A framework to build any data applications entirely on the decentralized Web3 infrastructures

Hi community,

This is Kuan Huang from (www.scout.cool). I am proposing an open source software framework that enables developers to quickly build any data applications entirely on the Web3 infrastructure. Whether someone is building an analytics dashboard for a dApp/protocol or leveraging existing machine learning models to do data science work, this framework should save you lots of time.

Problem:
Every blockchain data analytics company (including ourselves) that we know of is using centralized databases to index blockchain data before serving it to their users. As a result, the majority of data analytics charts or dashboards are living on centralized hosting services and databases. This approach is not only the opposite of where Web3 is heading but also creates a few real issues:

  1. Users are locked into a proprietary web platform due to the centralization of data indexes and hosting.
  2. The lack of transparency in how data is indexed and organized in a centralized database makes it very difficult to debug issues. We personally have run into numerous cases where the on-chain metrics we put together are different from other vendors.
  3. As faster L1 and L2 blockchains are becoming available, this approach is becoming the biggest bottleneck for every data company to scale.

Proposed Solution:
The MVP of the proposed software framework should provide:

  1. A generic module that efficiently pulls data from any subgraphs or other on-chain/off-chain data sources. This module should take care of some common challenges such as pulling from multiple subgraphs in parallel, handling “pagination” in subgraph in the background and etc. (One of the grantees from first wave, Keyko, might be working on some parts of what I am describing)

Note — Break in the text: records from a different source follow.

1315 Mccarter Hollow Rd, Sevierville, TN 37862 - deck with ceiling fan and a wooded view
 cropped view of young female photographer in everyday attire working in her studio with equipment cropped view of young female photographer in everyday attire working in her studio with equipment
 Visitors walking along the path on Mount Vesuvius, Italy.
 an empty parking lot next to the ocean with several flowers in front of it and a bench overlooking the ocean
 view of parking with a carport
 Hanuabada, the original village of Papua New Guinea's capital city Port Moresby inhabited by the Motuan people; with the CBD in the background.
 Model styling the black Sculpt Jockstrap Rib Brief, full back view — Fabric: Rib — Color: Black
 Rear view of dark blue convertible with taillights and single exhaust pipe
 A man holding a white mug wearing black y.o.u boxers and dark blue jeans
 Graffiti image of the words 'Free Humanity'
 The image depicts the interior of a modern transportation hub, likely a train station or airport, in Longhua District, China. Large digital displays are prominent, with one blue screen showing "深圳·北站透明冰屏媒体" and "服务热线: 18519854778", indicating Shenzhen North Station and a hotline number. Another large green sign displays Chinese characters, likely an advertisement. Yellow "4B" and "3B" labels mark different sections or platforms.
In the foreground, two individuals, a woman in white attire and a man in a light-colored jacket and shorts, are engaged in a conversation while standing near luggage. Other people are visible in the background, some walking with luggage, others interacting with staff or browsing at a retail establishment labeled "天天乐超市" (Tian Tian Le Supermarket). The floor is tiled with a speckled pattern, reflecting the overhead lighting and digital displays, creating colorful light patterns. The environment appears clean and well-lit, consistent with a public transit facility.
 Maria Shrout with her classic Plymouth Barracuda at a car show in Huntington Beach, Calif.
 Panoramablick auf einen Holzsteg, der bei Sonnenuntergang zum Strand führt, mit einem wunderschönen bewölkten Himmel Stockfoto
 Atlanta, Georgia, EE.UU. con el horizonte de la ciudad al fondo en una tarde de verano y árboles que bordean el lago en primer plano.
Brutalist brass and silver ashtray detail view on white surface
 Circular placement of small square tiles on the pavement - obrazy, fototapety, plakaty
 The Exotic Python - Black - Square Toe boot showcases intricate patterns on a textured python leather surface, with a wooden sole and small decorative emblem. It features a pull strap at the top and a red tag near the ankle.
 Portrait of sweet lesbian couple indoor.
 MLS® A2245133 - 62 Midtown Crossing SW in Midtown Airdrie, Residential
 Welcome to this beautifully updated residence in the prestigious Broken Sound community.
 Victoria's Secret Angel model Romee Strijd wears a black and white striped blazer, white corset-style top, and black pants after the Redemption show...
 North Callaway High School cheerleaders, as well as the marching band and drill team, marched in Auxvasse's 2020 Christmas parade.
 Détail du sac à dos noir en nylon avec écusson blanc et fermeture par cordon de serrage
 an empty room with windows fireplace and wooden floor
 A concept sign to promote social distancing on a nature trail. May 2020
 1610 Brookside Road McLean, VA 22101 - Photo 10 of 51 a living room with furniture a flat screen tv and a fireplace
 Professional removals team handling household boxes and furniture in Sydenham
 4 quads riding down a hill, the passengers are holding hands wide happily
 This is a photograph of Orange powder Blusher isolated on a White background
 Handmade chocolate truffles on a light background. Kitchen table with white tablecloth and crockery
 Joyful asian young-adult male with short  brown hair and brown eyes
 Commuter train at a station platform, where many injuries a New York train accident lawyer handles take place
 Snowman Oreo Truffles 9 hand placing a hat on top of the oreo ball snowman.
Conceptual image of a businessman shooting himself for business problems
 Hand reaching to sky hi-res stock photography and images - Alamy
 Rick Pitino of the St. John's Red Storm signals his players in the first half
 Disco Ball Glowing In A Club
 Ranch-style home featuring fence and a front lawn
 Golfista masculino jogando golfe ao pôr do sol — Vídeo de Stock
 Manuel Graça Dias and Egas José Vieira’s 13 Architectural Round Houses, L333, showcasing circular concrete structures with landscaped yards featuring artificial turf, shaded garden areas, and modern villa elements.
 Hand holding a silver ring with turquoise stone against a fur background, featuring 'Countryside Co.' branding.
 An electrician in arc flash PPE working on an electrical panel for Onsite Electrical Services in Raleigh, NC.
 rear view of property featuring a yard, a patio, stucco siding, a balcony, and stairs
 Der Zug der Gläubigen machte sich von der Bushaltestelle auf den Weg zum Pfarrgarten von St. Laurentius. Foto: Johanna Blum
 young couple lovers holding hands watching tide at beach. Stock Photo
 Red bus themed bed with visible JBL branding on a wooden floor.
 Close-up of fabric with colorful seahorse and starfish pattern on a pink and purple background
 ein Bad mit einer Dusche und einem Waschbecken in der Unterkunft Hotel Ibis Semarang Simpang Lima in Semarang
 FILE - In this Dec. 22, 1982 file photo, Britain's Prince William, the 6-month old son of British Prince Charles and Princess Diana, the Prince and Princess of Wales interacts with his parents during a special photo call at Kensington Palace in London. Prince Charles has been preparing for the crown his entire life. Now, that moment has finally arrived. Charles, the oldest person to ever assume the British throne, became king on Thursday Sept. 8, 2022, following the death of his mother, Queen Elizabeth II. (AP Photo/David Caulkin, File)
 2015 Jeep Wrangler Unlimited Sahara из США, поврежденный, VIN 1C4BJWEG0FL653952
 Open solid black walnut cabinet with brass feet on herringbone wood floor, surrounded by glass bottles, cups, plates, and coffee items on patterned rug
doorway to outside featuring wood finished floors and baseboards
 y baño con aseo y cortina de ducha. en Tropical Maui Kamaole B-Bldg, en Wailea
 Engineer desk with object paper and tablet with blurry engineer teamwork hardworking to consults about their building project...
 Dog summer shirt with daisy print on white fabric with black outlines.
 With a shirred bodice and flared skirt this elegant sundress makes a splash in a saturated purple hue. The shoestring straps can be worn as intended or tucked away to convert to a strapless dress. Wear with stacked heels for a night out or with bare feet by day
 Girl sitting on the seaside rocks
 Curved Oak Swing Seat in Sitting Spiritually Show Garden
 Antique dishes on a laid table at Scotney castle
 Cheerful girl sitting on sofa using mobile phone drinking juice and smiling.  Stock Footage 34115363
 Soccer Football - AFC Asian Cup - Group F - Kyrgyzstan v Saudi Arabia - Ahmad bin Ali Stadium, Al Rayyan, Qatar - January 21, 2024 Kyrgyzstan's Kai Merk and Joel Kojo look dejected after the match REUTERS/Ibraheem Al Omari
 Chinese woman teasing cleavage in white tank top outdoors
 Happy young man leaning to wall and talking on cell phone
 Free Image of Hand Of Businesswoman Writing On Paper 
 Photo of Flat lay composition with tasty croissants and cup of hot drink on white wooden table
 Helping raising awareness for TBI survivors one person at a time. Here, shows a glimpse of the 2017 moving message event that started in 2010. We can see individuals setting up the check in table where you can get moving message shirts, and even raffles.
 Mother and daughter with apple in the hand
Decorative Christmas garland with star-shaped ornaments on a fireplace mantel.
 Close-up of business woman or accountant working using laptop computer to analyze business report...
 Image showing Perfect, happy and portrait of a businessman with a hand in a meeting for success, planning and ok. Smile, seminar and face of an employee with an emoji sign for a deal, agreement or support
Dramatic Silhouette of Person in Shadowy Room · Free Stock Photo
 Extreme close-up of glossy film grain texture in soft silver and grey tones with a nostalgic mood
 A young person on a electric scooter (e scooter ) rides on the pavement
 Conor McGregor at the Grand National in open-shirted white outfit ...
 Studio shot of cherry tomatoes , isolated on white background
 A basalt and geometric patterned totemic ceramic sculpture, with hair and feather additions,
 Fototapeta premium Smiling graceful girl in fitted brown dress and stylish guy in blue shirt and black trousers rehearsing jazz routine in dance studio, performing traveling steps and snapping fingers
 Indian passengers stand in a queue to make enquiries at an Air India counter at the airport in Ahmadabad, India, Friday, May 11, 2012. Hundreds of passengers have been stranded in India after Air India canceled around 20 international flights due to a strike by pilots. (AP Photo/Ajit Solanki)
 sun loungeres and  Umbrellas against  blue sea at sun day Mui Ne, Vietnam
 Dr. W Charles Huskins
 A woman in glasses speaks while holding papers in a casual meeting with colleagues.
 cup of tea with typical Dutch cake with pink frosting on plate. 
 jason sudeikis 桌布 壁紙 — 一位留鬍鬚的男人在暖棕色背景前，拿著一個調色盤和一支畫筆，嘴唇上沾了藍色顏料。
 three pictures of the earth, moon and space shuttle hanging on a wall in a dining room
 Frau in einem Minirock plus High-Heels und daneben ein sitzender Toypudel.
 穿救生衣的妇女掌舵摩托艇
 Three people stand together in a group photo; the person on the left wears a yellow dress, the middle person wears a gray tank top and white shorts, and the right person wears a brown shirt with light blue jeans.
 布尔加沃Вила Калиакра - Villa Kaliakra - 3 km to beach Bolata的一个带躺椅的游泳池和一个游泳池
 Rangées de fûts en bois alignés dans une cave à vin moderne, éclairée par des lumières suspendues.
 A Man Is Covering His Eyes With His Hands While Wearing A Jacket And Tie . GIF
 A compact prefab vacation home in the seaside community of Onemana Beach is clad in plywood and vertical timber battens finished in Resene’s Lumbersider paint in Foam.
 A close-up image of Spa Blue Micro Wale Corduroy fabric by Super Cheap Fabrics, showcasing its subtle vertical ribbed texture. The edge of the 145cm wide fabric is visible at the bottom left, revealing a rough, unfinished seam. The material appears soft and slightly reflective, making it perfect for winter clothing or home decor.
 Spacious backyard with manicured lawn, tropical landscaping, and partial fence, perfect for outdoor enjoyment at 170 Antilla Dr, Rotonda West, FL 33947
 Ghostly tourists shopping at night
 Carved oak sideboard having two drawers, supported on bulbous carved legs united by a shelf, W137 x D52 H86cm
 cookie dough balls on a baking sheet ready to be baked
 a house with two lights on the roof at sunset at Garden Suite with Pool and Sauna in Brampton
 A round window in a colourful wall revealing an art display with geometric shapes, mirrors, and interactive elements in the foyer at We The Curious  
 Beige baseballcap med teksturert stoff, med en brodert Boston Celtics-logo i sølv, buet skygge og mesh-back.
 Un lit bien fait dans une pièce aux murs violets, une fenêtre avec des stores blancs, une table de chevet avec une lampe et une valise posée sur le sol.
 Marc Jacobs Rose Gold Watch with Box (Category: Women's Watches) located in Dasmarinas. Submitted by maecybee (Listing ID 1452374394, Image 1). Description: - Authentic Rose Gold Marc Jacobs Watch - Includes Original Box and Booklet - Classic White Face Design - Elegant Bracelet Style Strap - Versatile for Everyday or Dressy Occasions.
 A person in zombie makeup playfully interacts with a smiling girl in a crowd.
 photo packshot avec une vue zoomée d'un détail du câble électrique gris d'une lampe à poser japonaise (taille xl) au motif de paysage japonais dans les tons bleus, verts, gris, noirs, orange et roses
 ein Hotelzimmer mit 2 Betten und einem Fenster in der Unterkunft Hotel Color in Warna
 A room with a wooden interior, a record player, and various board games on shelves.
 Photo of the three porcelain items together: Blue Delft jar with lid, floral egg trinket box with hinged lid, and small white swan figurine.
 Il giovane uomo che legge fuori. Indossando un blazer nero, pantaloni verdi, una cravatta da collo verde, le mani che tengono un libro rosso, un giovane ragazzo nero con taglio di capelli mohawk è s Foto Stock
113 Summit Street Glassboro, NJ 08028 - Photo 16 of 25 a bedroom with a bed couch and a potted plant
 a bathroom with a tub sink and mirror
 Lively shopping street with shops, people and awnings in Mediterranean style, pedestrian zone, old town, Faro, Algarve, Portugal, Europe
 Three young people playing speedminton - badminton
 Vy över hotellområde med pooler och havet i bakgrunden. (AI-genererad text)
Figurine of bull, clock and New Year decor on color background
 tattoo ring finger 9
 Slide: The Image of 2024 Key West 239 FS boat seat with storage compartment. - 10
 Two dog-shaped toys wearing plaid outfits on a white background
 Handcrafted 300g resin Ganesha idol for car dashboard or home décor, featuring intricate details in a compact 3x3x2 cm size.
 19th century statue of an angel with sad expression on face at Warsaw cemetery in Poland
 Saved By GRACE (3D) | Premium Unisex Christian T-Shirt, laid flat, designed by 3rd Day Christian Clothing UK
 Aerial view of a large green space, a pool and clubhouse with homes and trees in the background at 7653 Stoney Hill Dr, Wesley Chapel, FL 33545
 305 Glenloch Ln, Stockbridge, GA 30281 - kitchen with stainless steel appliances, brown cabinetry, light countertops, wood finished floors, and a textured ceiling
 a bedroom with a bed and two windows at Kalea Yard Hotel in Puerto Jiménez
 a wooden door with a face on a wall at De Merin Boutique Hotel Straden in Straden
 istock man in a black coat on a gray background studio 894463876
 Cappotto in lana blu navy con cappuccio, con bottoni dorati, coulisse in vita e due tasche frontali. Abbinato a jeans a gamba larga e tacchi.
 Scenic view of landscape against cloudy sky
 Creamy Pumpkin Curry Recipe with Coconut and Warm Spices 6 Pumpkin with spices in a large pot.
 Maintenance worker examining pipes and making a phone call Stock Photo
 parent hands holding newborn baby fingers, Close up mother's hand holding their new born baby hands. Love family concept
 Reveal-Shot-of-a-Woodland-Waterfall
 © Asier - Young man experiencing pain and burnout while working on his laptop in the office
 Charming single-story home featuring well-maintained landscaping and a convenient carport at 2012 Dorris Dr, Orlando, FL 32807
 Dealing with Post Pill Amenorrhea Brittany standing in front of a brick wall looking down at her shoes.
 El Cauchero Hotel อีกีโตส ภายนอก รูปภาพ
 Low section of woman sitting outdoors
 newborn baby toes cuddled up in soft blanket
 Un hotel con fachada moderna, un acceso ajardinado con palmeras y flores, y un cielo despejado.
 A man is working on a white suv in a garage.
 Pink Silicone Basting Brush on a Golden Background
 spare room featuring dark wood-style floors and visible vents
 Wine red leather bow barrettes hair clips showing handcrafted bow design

  2. A data transformation module that does the preparation before the visualizations. There are actually some existing package can be reused such as Pandas, Tensorflow. This also opens a door for any potential machine learning applications that leverage The Graph.

  3. Pre-built widgets (with the options to customize) to render charts and dashboards. Developer should be able to use very few lines of code to render a chart or design a dashboard without touching any front end code.

  4. A simple mechanism to deploy and sharing through decentralized hosting/storage services. The entire community can discover and learn.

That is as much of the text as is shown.